You will have noticed that algorithms come before data structures, which may seem odd and perhaps a little unmotivated. Why should we bother to write algorithms if we have nothing to use them on? Fear not, for this is intentional. One part of the genius of the STL is that algorithms are decoupled from data structures. The only thing we need in order to implement the algorithms in Chapter 1 is the utilities that we created in Chapter 0. Once we get on to implementing data structures, all the material from Chapter 2 will just work, right out of the box.

From Chapter 2 and onwards I will also be writing small toy-programs as motivating example usages of the data structures and algorithms we implement. I haven't yet decided what these will be, but I plan on having them build upon one-another to incorporate as much of our STL as possible.

Before we get started I have a few caveats. First, I will not (at least initially) be touching on libraries that require platform specific implementations, such as the chrono, atomic operations, async, and thread support libraries, although some of this material will be covered in Chapter 5 - Miscellany where I will allow myself to use platform specific material (we'll be using *nix and posix libraries). Neither will I be discussing the common mathematical functions, special mathematical functions, or localizations libraries, as these will take us too far afield from our main goal (data structures and algorithms). We will be taking a few STL features for granted as necessary.
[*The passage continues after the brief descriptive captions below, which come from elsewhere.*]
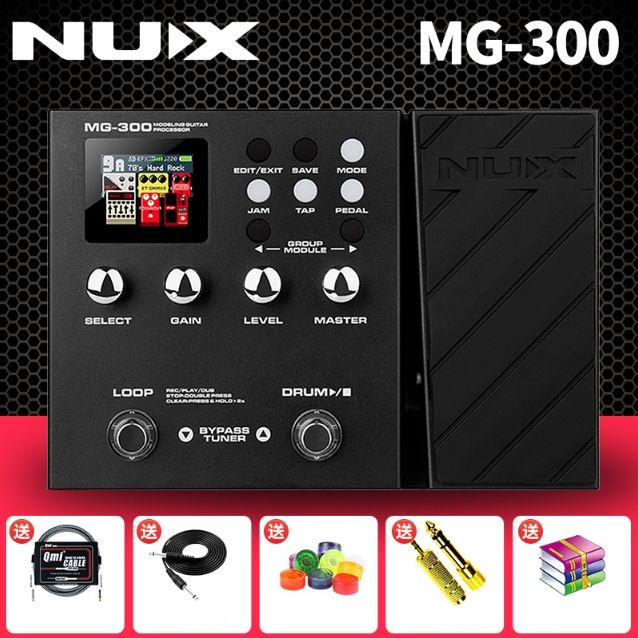 Профессиональная электрогитара, цифровая синтетическая акустическая ...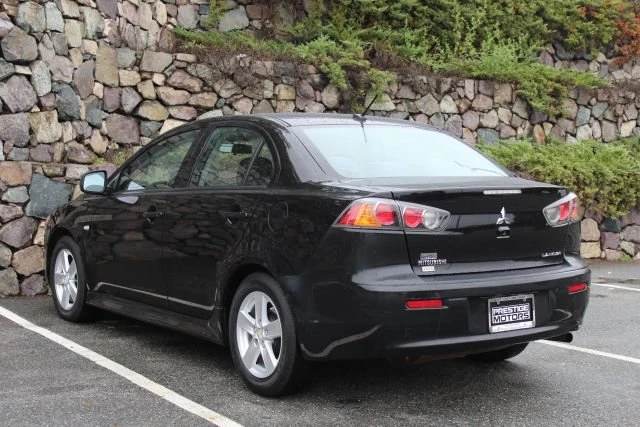 2014 Mitsubishi Lancer 9th Gen - Image 4 of 15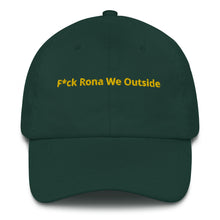 Load image into Gallery viewer, F*ck Rona Hat
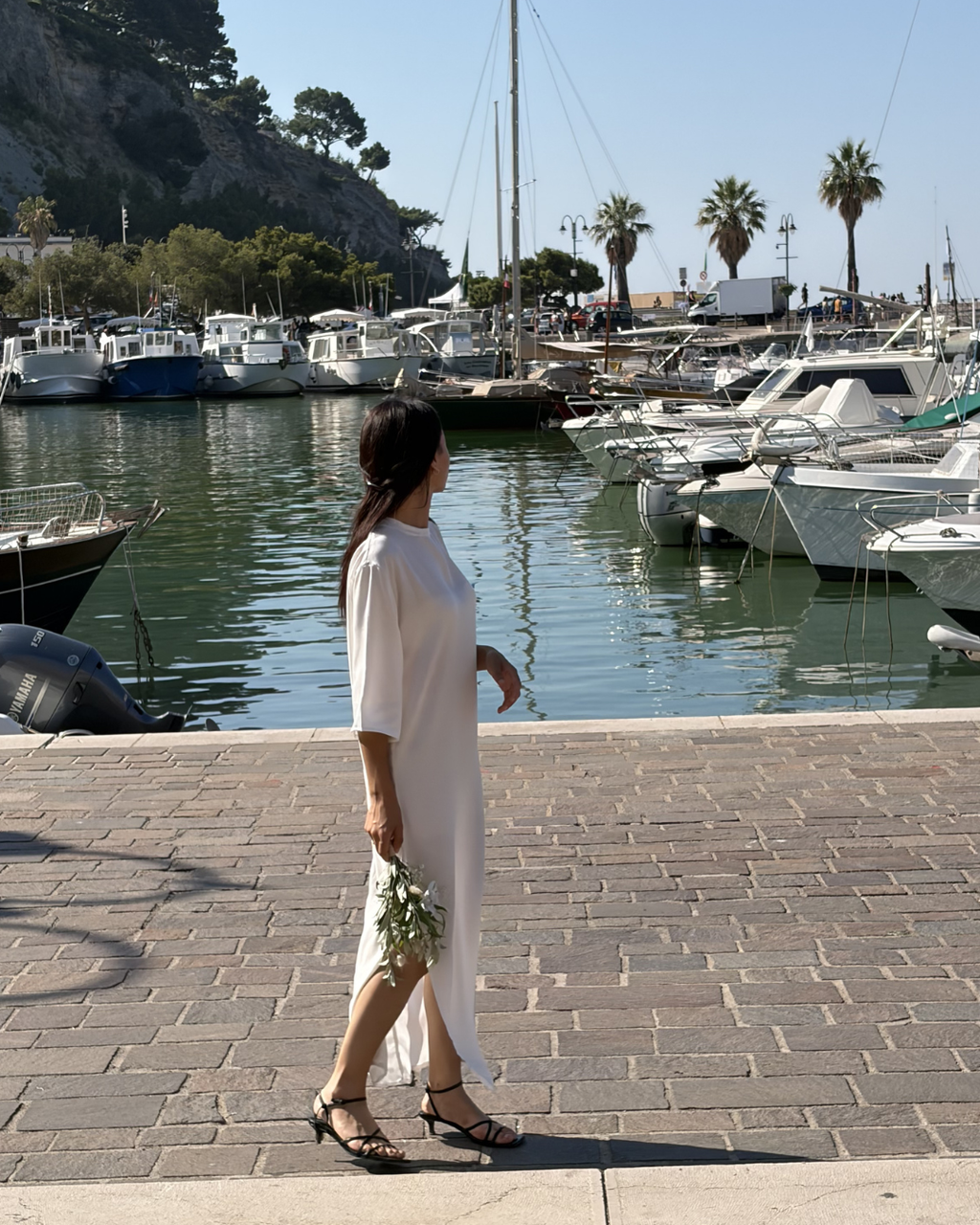Robe Clara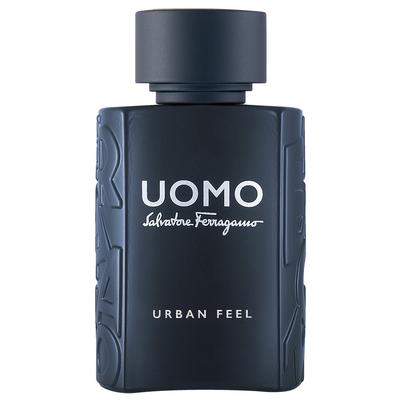 Salvatore Ferragamo Uomo Urban Feel Eau de Toilette 50 ml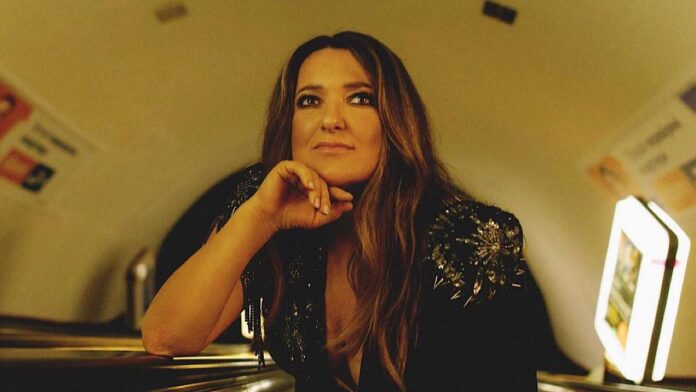 Наталія Могилевська розповіла про свій роман з бізнесменом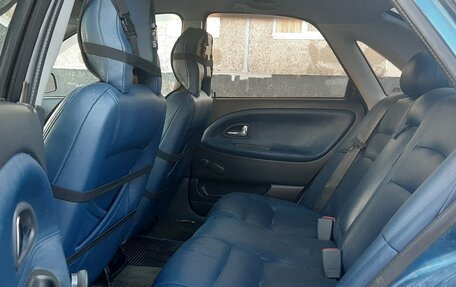 Volvo S40 II, 1997 год, 200 000 рублей, 11 фотография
In particular, we will not be implementing the stdexcept, type_traits, or initializer_list headers, as well as certain parts of the utility header (std::swap, in particular). Lastly, my goal is not to write  a perfectly optimized STL implementation. We will be avoiding needlessly complex optimizations in favor of clarity and correctness wherever possible, but I will mention common optimizations where it is relevant to do so.

Good luck (to myself as well). I hope you enjoy the series and I'll see you at Chapter 0, Episode 1.